Our primary goal is to ensure the protection and confidentiality of sensitive data stored by users of the React Native LLM Chat Template.

We appreciate the community's interest in identifying potential vulnerabilities. However, effective immediately, we will not accept low-effort vulnerability reports. To ensure that submissions are constructive and actionable, please adhere to the following guidelines:

Any reports or solicitations arriving from sources other than our designated GitHub repository will be dismissed without consideration. We've seen how external engagements can dilute and compromise the integrity of community-driven projects, and we're not here to gamble with the security and privacy of our user community.

Reports not submitted through our designated GitHub repository will be disregarded, and we will categorically reject invitations to collaborate on external platforms. Our aggressive stance on this matter underscores our commitment to a secure, transparent, and open community where all operations are visible and contributors are accountable.

1. No Vague Reports: Submissions such as "I found a vulnerability" without any details will be treated as spam and will not be accepted.

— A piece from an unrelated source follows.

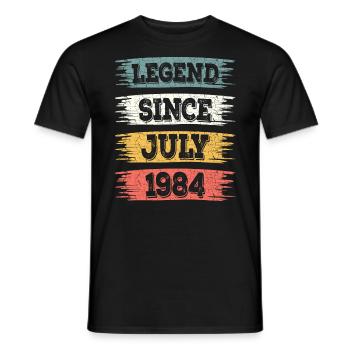 Legende 1984 40. Juli - Männer T-Shirt - Schwarz - Vorne - AI Model Male 178 light (178cm)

2. In-Depth Understanding Required: Reports must reflect a clear understanding of the codebase and provide specific details about the vulnerability, including the affected components and potential impacts.

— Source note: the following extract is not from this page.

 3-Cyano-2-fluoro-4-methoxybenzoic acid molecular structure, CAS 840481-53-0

3. Proof of Concept (PoC) is Mandatory: Each submission must include a well-documented proof of concept (PoC) that demonstrates the vulnerability. If confidentiality is a concern, reporters are encouraged to create a private fork of the repository and share access with the maintainers. Reports lacking valid evidence will be disregarded.

4. Required Patch Submission: Along with the PoC, reporters must provide a patch or actionable steps to remediate the identified vulnerability. This helps us evaluate and implement fixes rapidly.

5. Streamlined Merging Process: When vulnerability reports meet the above criteria, we can consider them for immediate merging, similar to regular pull requests. Well-structured and thorough submissions will expedite the process of enhancing our security.

Non-compliant submissions will be closed, and repeat violators may be banned. Our goal is to foster a constructive reporting environment where quality submissions promote better security for all users.

We regularly audit our internal processes and system architecture for vulnerabilities using a combination of automated and manual testing techniques. We are also planning to implement SAST and SCA scans in our project soon.

For immediate concerns or detailed reports that meet our guidelines, please:

• Create an issue in our GitHub issue tracker
• Email security reports to: direct@bandpey.com

Note: Only reports submitted through our designated GitHub repository or the official email address will be considered. All other channels will be disregarded.